— Activity —
Once you have read the entries below, give them all again without any difference.

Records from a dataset
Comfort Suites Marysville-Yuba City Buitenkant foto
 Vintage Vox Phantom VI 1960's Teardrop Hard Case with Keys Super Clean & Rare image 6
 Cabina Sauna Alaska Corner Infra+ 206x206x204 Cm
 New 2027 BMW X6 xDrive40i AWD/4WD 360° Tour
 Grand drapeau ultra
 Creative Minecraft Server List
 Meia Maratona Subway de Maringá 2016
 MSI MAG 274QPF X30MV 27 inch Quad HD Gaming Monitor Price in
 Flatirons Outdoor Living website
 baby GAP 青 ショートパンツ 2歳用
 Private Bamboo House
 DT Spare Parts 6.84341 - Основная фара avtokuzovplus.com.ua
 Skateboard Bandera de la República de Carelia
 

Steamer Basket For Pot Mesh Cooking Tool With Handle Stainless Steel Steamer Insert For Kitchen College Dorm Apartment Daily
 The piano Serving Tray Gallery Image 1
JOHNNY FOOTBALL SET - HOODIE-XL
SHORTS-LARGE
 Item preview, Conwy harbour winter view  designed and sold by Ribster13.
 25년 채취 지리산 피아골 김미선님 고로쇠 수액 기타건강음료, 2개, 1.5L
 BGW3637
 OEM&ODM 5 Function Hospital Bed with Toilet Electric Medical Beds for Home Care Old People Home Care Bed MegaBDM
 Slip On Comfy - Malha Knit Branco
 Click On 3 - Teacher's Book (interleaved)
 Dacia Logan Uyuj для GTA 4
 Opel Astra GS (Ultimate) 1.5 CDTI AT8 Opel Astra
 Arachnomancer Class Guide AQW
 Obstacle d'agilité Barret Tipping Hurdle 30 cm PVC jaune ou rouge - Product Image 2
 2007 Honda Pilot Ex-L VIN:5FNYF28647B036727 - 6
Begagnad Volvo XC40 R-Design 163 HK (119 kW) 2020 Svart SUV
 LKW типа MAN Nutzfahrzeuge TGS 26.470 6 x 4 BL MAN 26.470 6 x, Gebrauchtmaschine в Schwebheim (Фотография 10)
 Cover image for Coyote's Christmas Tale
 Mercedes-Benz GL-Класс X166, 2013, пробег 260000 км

— Task result —
Comfort Suites Marysville-Yuba City Buitenkant foto
 Vintage Vox Phantom VI 1960's Teardrop Hard Case with Keys Super Clean & Rare image 6
 Cabina Sauna Alaska Corner Infra+ 206x206x204 Cm
 New 2027 BMW X6 xDrive40i AWD/4WD 360° Tour
 Grand drapeau ultra
 Creative Minecraft Server List
 Meia Maratona Subway de Maringá 2016
 MSI MAG 274QPF X30MV 27 inch Quad HD Gaming Monitor Price in
 Flatirons Outdoor Living website
 baby GAP 青 ショートパンツ 2歳用
 Private Bamboo House
 DT Spare Parts 6.84341 - Основная фара avtokuzovplus.com.ua
 Skateboard Bandera de la República de Carelia
 

Steamer Basket For Pot Mesh Cooking Tool With Handle Stainless Steel Steamer Insert For Kitchen College Dorm Apartment Daily
 The piano Serving Tray Gallery Image 1
JOHNNY FOOTBALL SET - HOODIE-XL
SHORTS-LARGE
 Item preview, Conwy harbour winter view  designed and sold by Ribster13.
 25년 채취 지리산 피아골 김미선님 고로쇠 수액 기타건강음료, 2개, 1.5L
 BGW3637
 OEM&ODM 5 Function Hospital Bed with Toilet Electric Medical Beds for Home Care Old People Home Care Bed MegaBDM
 Slip On Comfy - Malha Knit Branco
 Click On 3 - Teacher's Book (interleaved)
 Dacia Logan Uyuj для GTA 4
 Opel Astra GS (Ultimate) 1.5 CDTI AT8 Opel Astra
 Arachnomancer Class Guide AQW
 Obstacle d'agilité Barret Tipping Hurdle 30 cm PVC jaune ou rouge - Product Image 2
 2007 Honda Pilot Ex-L VIN:5FNYF28647B036727 - 6
Begagnad Volvo XC40 R-Design 163 HK (119 kW) 2020 Svart SUV
 LKW типа MAN Nutzfahrzeuge TGS 26.470 6 x 4 BL MAN 26.470 6 x, Gebrauchtmaschine в Schwebheim (Фотография 10)
 Cover image for Coyote's Christmas Tale
 Mercedes-Benz GL-Класс X166, 2013, пробег 260000 км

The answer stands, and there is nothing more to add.